## [Task requirements]
Although pictures appear in the records, the copy must leave them out and match everything else exactly.

Start of Block

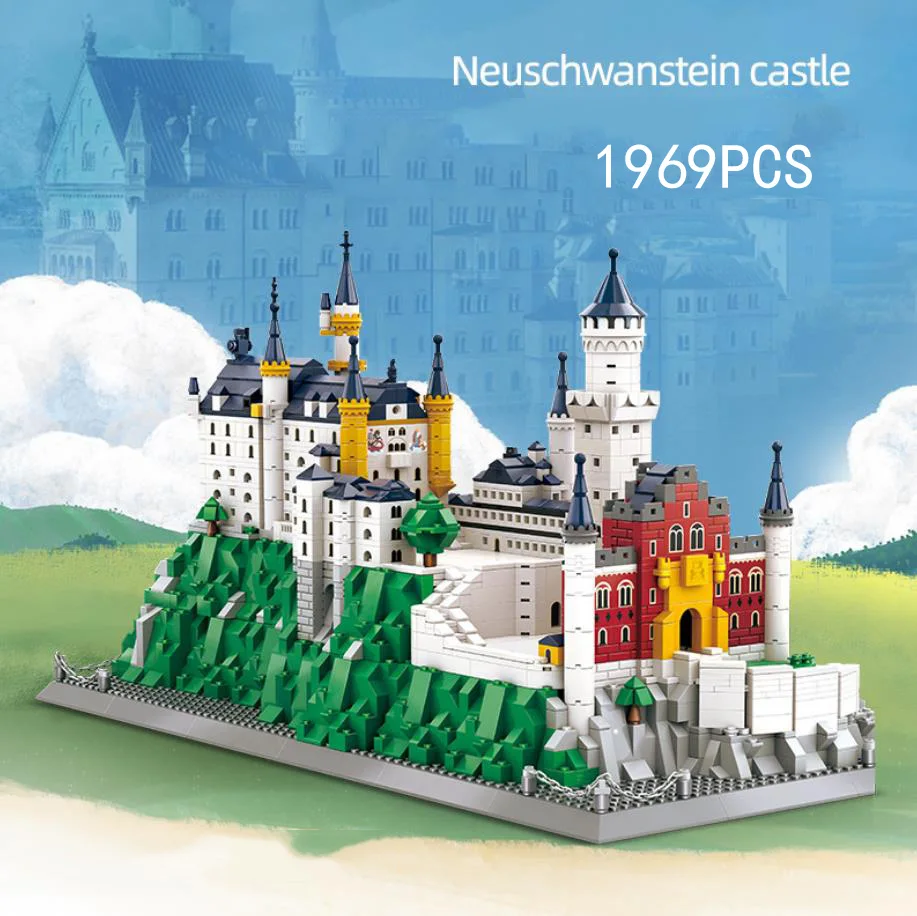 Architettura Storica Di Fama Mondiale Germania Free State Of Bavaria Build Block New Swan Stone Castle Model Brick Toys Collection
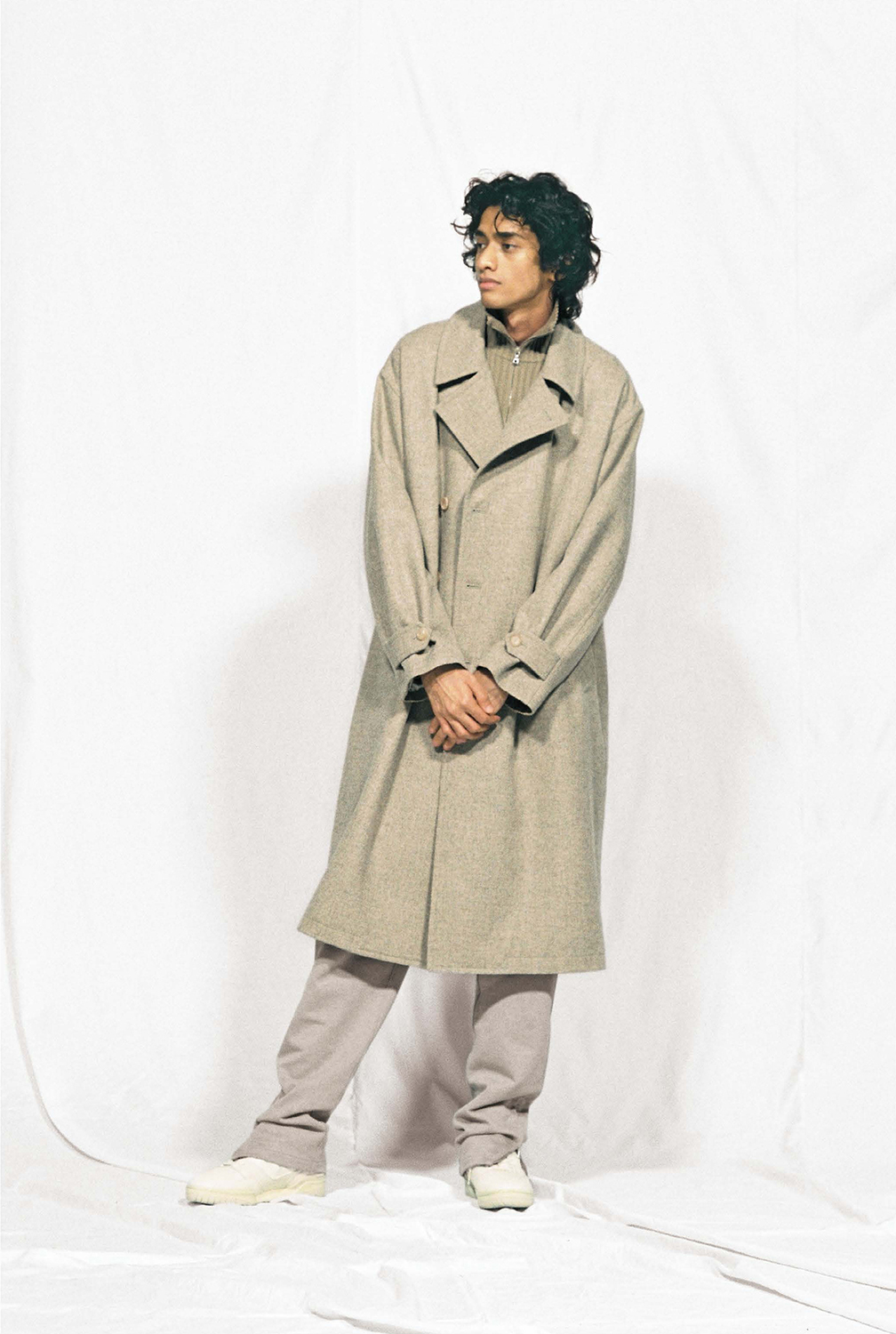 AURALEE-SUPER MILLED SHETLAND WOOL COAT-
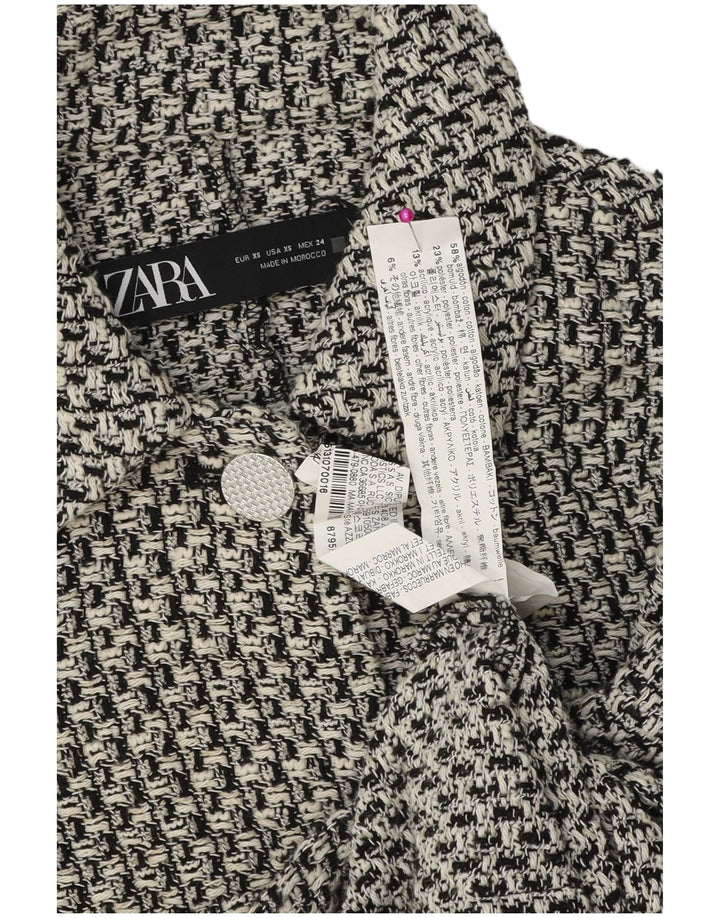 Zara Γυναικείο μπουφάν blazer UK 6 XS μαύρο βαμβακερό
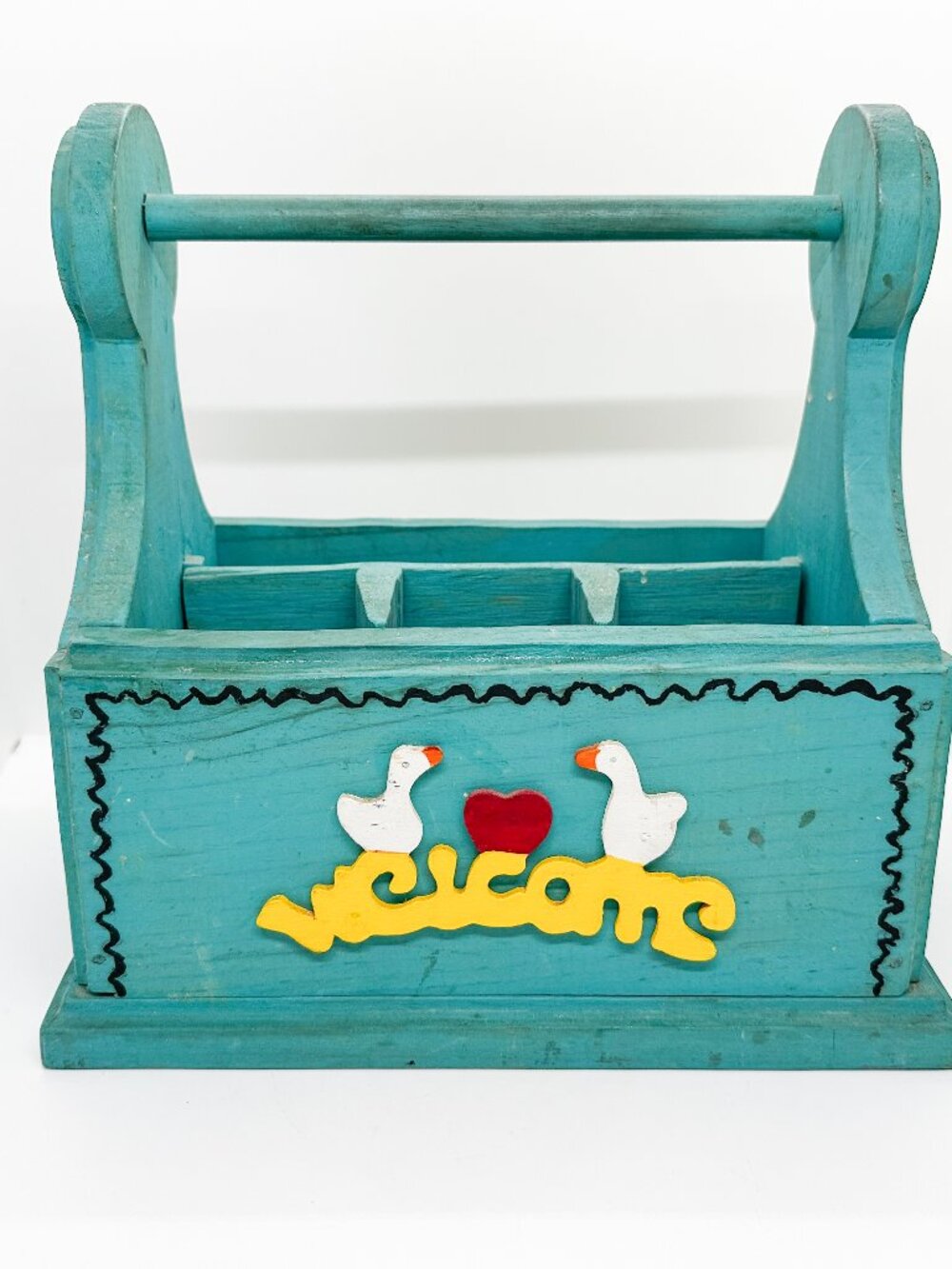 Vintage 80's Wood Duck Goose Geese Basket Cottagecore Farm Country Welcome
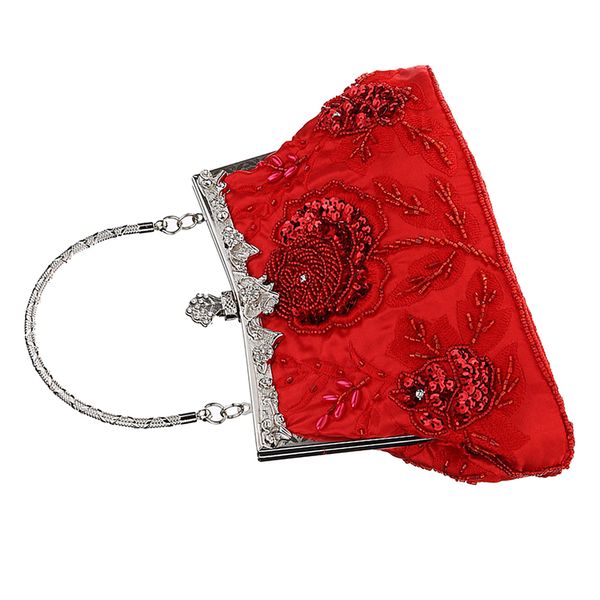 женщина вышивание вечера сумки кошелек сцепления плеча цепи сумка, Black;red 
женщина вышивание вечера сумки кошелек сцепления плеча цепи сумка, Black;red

End of Block

## [Solved problem]
 Architettura Storica Di Fama Mondiale Germania Free State Of Bavaria Build Block New Swan Stone Castle Model Brick Toys Collection
 AURALEE-SUPER MILLED SHETLAND WOOL COAT-
 Zara Γυναικείο μπουφάν blazer UK 6 XS μαύρο βαμβακερό
 Vintage 80's Wood Duck Goose Geese Basket Cottagecore Farm Country Welcome
 женщина вышивание вечера сумки кошелек сцепления плеча цепи сумка, Black;red 
женщина вышивание вечера сумки кошелек сцепления плеча цепи сумка, Black;red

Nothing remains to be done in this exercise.